# First Planted Tank. Plant Suggestions Please



## zeone03 (Oct 25, 2006)

Hello everyone. I getting ready to start my first planted tank. It will be a 20g tall. Can anyone give me some good suggestions on plants for beginners. I know I'll probably get some Java Ferm and Water Sprite. Would Micro Sword be good for a good foreground carpet plant. Here's what my setup will be like.

I'll have a total of 56w of lighting. I got 2 of the Coralife Freshwater Aqualight T-5 Series. Energy Savers Unlimited | Coralife | ESU Reptile | Birdlife | Pondlife | Deep Ocean | A Worldwide Manufacturer of quality pet products
I plan on having 3" of Eco-complete susbstrate. For ferts I plan on getting them from Greg Watson and using the EI system.

Thank you
Jason


----------



## dwhite645 (Jan 9, 2005)

Pretty much any stem bunch plant is fairly easy to grow well with ferts and co2, and the lighting you have works well too. Hygrophila (spelling) was one of my first with great success, although it's getting hard to find anymore. Another good one is java moss - just attach to logs and such.
Another thing about bunch plants is they grow fairly fast too, so it's good filler to start off with.


----------



## bristles (Mar 7, 2006)

Sagittaria subdulata & Hydrocotyle leucocephala (Brazilian pennywort) are good hardy starters with enough light which it looks like you will have.


----------



## zeone03 (Oct 25, 2006)

Thank for the suggestions. I though about java moss but I thought I read somewhere that it can take over a tank pretty quick. I am going to put some rocks in my tank also. If I put the java moss on it will it stay on the rock or still grow off the rock.

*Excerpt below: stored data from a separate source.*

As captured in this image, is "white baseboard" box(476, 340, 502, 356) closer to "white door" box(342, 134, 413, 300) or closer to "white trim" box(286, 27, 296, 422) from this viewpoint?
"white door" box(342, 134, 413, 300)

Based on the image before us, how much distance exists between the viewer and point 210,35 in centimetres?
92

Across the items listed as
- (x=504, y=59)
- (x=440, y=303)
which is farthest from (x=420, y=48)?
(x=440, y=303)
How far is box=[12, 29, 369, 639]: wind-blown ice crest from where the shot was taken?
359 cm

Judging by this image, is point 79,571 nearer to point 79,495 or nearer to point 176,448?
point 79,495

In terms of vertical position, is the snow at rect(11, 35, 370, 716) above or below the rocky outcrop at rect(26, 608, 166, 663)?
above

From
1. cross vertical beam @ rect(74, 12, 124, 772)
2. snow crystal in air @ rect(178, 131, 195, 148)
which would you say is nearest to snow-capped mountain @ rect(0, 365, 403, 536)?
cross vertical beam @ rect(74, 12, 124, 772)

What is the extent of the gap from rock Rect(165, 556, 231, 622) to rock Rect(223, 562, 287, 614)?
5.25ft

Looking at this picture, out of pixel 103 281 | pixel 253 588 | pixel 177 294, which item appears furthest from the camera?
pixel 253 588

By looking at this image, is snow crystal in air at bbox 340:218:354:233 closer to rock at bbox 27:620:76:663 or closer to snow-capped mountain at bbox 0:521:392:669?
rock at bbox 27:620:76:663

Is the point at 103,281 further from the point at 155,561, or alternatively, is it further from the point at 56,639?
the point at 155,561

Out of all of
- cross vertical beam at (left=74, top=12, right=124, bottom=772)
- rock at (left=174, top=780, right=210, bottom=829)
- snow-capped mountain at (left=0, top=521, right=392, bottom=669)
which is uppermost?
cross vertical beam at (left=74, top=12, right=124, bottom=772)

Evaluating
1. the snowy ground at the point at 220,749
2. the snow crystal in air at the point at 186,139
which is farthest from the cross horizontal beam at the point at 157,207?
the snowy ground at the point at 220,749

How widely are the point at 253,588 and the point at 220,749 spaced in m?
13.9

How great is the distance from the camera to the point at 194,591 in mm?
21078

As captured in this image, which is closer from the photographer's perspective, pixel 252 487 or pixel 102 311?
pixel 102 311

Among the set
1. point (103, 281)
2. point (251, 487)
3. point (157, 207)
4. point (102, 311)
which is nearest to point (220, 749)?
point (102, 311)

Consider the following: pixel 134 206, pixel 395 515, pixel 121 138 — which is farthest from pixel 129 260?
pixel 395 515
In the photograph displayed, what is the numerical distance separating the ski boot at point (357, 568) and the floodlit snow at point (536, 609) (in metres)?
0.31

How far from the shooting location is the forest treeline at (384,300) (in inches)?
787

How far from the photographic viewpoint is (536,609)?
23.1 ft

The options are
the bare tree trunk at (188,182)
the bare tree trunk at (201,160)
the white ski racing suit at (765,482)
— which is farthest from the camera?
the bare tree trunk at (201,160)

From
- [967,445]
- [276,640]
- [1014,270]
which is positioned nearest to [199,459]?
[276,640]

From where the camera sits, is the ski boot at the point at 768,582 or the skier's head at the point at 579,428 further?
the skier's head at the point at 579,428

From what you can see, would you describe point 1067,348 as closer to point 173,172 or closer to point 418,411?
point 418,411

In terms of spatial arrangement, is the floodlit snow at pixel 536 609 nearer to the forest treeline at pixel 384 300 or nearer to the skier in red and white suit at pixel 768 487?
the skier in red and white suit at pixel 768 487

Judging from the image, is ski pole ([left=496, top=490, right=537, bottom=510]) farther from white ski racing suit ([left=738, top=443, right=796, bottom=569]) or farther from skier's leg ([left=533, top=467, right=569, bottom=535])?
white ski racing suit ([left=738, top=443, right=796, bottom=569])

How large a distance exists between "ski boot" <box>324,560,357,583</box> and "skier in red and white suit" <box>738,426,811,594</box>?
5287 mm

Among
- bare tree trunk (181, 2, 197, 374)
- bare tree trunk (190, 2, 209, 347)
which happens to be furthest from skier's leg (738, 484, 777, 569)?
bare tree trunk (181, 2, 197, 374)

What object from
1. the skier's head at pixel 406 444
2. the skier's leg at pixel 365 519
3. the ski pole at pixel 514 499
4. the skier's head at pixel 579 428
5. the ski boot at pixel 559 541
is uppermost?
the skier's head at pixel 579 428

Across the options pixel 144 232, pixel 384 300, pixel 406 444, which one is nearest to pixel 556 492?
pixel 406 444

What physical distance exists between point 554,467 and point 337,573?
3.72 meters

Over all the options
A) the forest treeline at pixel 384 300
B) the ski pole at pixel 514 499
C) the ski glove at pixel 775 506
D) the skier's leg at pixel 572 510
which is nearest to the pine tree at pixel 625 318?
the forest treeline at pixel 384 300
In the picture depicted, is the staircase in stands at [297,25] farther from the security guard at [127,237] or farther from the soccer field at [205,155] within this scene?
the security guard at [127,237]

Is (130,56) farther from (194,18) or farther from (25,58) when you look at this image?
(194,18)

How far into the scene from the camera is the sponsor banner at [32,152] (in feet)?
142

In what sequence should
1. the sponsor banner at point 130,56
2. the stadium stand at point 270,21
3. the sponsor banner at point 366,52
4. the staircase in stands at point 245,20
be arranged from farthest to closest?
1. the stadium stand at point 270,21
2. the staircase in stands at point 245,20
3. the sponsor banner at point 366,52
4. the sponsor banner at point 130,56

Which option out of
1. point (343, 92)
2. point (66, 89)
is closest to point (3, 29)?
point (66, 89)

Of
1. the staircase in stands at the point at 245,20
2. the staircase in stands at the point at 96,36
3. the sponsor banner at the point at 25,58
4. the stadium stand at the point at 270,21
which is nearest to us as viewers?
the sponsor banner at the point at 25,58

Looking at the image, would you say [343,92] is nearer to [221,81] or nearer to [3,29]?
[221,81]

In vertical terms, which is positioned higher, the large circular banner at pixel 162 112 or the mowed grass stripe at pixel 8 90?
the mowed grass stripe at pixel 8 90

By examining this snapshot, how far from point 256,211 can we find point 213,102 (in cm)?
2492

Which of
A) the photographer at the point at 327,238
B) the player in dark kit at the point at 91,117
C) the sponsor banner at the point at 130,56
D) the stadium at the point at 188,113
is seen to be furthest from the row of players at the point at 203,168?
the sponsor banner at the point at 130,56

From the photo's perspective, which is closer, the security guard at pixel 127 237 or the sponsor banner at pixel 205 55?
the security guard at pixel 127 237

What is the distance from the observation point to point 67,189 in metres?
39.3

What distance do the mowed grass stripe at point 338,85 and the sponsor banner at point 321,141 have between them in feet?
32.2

Also I live next to a river. Can I use driftwood that I find. If so what is the proper way to clean it. I figured I'd save a few bucks plus it would be fun for me and my son to go out trying to find some one afternoon.

Thanks


----------



## bristles (Mar 7, 2006)

If conditions are right for it, Java moss can have good growth but as for "taking over a tank quickly"I have not found that to be the case. I will occasionally find a wisp of it in my ground cover or behind some stem plants but have never considered it a nuisance(just my opinion) 
Drift wood found by local bodies of water can have parasites or unknown chemicals on them. That said, I know people who have found wood and throughly rinsed or boiled it & used it in there systems with no ill affects. But I have also heard horror stories ,so I usually get mine from the LFS or on line sources.


----------



## zeone03 (Oct 25, 2006)

I thought parasites could be a problem with driftwood I found. Since this will be my first planted tank I probably just buy it. My lfs doesn't have any good pieces I like so I'll probably have to order it online. Can anyone recommend any good sites. I found these sites.

AquariumDriftwood.com,
AquariumGuys.com,
AmazonMoosey's Ambit


----------



## AndyT. (Jun 28, 2006)

I have had good experience with Aquarium Driftwood.com, but that was some years ago. Still have the pieces and they look good! 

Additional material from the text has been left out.